Since Superchief noted in post #5 that about half of the old building is weeks owners, that means that Crystal Shores opened prior to the DC Points Program inception. They had already sold about half of that building as weeks when the Points program started. Therefore, the only inventory that a weeks owner is entitled to occupy/use - at any resort - is that which was sold as weeks. After the Trust was created, no new weeks were sold and any unsold and/or new-build/acquired weeks deeded over to the Trust. Now Trust owners have rights to use those weeks, not weeks owners. So it is, in fact, very fair. Weeks owners have full legal access to weeks inventory and Trust owners have full legal access to Trust inventory. The only way for a weeks-only owner to get access to Trust inventory is if Marriott Vacations opts to deposit some portion of their Trust inventory into Interval International.
Think of it as basically two separate resorts under one roof - one, a resort made up of weeks owners; and two, a resort owned 100% by the MVC Trust. At Crystal Shores, the new buildings are adding inventory to the Trust resort. The old weeks resort quit growing in June 2010, and has almost certainly been shrinking since, due to foreclosures, ROFR, and repurchases that MVC exercises to transfer into the Trust.

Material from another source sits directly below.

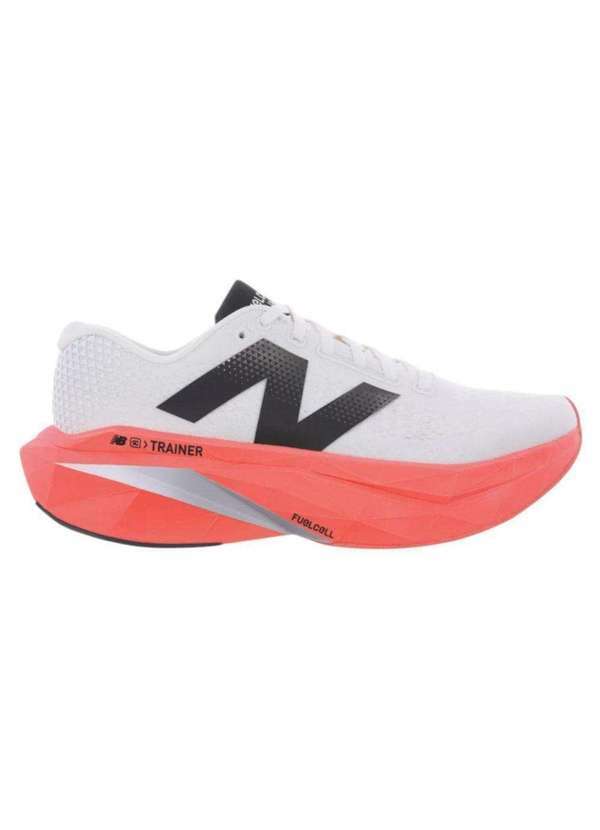 Vista 2 Tênis New Balance Fuelcell Supercomp Trainer V3 Masculino Branco New Balance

It's also similar to the old legacy timeshares in some other non-Marriott systems where two developers operate units within the same complex. Maybe Developer A started development of the resort, but then sold undeveloped property and/or unsold units to Developer B. People who purchased from Developer B do not have rights to occupy/use/trade units that were part of Developer A's units that share the same property.